🤖 AI Summary
Current language models often incur substantial computational costs when leveraging reward signals to enhance reasoning, primarily due to reliance on large training sets and multiple rounds of inference. This work proposes Contrastive Reflection (CORE), a novel approach that, for the first time, extracts concise and interpretable natural language rules by contrasting successful and failed reasoning trajectories to guide efficient self-improvement. CORE operates within a non-parametric learning framework, integrating contrastive analysis, natural language abstraction, and a context-efficient memory mechanism—eliminating the need for model weight updates or elaborate prompt optimization. Evaluated across four reasoning benchmarks, CORE significantly outperforms strong baselines such as GRPO, GEPA, episodic RAG, and MemRL using only five examples and limited inference steps, while simultaneously reducing prompt length and generating human-interpretable knowledge.
📝 Abstract
Language models can use verifiable rewards to improve at a wide variety of reasoning tasks. However, both parametric (e.g.

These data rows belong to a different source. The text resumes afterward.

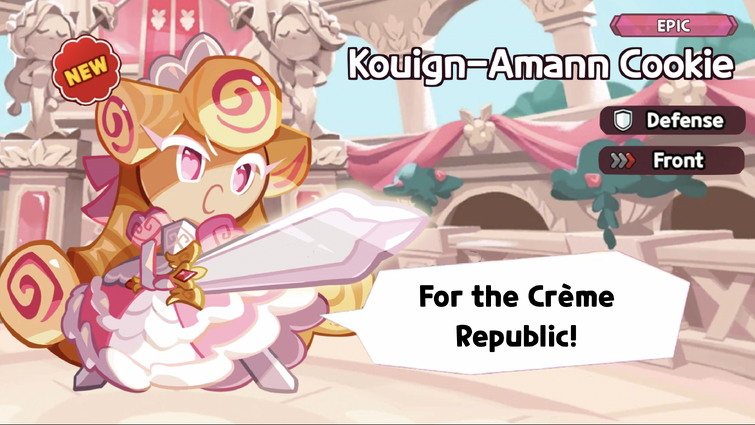 CONCEPT ART FOR KOUIGN-AMANN COOKIE | Fandom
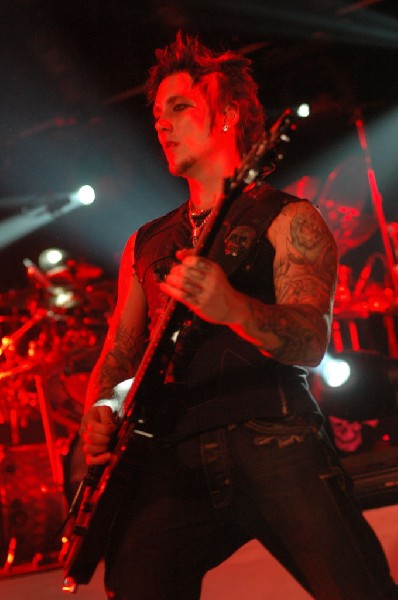 Avenged Sevenfold at La Zona Rosa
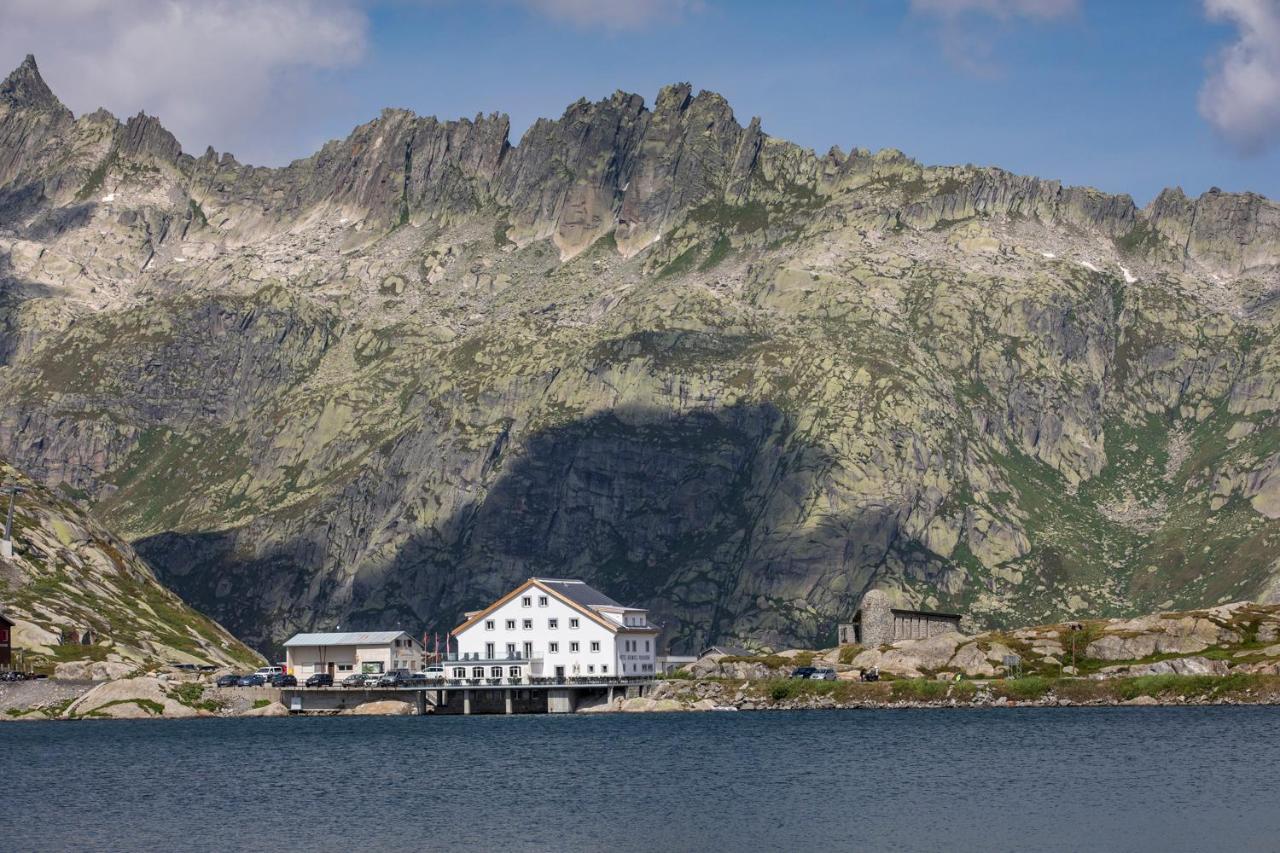 Hotel Grimsel Passhoehe オーバーヴァルト エクステリア 写真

RLVR) and non-parametric (e.g. prompt optimization) approaches to doing so typically require hundreds of training samples and thousands of model rollouts, making them expensive in the best case and intractable in the worst. To address this challenge, we introduce Contrastive Reflection (CORE), a non-parametric learning algorithm that compares past reasoning traces to generate insights: short natural-language descriptions of reasoning strategies and constraints that capture differences between successful and unsuccessful problem attempts. Across four reasoning tasks, we demonstrate that CORE enables more rapid improvement than both parametric (GRPO) and non-parametric (GEPA, episodic RAG, and MemRL) methods, while using fewer rollouts. Under fixed rollout budgets with as few as five training samples, we then show that CORE also achieves comparable or greater performance gains than each baseline. Finally, we highlight how CORE is also substantially more context-efficient than non-parametric baselines, requiring fewer prompt tokens while storing learned knowledge as compact, interpretable natural-language insights. Our results therefore suggest that distilling contrasts between successful and unsuccessful reasoning traces into abstract and useful insights can provide a more efficient and interpretable route to model self-improvement than weight updates, prompt optimization, or direct reuse of stored reasoning traces.